No one can doubt that President Ilham Aliyev has always had a special regard for the city of Shusha and played a key role in its liberation during the 44-day Patriotic War. Because of his personal attachment to Shusha and Karabakh in general, and in his position as President of the Republic of Azerbaijan, he is undoubtedly one of the most important personalities in the history of Shusha in the recent period. We chose the words “Dear Shusha, you are free…” out of these considerations, but also because it is perhaps the most succinct description of the current state of Shusha. Shusha’s unique cultural and historical role repeatedly made the city the focus of political conflicts. It is because of this singular historical status that Shusha and its surroundings were subjected to severe systematic destruction by Armenia while under occupation from May 1992 to November 2020. Many facts about this have been included in the book. Shusha’s liberation from occupation in the 44-day Patriotic War and its restoration is therefore of great symbolic and political importance to Azerbaijan.

As for President Ilham Aliyev’s personal connection to Shusha, the “Resolution on declaring the historical part of Shusha a historical and architectural reserve” was adopted on Heydar Aliyev’s initiative in the 1970s, and the book offers facts indicating that Heydar Aliyev played a special role in the development of Shusha during the Soviet era. Vagif Mausoleum, built in 1982, when Heydar Aliyev was 59 years old, was reopened in August 2021, when Azerbaijani President Ilham Aliyev was 59, and this parallel is described in the book as a “repetition of history of great symbolic importance”. The book explains in a manner accessible to Western readers that Shusha, a legacy of the Karabakh Khanate, has been the focus of continuous political concern of Azerbaijani leaders, from the Karabakh khans up to the period of independence.

You used more than 600 sources to write a 600-page book. This is a serious research project that requires a lot of hard work. Did anyone support you in this endeavor?

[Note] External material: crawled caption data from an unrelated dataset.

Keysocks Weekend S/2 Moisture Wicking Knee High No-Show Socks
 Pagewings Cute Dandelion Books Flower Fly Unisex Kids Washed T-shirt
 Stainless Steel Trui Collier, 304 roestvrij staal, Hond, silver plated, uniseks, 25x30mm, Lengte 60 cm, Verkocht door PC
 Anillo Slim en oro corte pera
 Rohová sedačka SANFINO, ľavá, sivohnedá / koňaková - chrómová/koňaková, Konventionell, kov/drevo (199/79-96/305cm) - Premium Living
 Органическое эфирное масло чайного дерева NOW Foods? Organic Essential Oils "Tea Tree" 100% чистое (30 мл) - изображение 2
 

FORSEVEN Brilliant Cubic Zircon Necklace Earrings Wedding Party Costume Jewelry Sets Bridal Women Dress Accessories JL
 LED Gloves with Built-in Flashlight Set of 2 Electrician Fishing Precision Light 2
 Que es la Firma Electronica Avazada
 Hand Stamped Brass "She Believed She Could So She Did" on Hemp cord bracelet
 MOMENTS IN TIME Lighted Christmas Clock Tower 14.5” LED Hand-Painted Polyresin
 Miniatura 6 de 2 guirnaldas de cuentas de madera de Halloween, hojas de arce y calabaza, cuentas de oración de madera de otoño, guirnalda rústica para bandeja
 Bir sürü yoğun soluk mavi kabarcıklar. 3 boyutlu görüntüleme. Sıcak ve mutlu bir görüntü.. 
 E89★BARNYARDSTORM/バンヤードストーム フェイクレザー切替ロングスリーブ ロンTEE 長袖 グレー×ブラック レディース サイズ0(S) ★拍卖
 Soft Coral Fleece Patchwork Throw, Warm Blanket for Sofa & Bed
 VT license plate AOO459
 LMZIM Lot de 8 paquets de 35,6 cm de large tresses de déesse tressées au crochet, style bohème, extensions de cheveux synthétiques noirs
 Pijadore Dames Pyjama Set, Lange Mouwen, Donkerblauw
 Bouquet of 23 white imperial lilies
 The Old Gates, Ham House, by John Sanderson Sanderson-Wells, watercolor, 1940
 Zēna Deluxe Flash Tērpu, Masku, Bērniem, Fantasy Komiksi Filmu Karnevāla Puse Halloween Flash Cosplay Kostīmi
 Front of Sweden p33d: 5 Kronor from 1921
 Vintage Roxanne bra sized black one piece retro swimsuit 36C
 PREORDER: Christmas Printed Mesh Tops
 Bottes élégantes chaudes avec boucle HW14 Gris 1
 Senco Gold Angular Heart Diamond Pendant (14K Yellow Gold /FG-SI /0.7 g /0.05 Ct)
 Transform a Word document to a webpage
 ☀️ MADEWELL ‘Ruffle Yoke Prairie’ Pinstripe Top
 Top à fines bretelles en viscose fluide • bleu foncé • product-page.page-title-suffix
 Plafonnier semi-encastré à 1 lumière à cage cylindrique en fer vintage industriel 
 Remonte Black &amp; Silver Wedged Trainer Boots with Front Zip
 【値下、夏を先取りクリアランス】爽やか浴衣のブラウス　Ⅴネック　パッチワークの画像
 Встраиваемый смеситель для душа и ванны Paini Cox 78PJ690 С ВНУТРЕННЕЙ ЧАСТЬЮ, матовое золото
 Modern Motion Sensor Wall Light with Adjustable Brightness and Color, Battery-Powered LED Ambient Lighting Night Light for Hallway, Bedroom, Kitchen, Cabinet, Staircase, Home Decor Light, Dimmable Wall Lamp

Yes, sources in German, English, French, Russian, Persian, Azerbaijani, and Turkish were used in writing this rather lengthy book, and the scientific ideas are substantiated with 1,500 citations. Some important photos and maps were also included in the book. In the preparation and publication of the book I enjoyed strong support from two people from Baku, my long-time friends and research partners, who wish not to be named.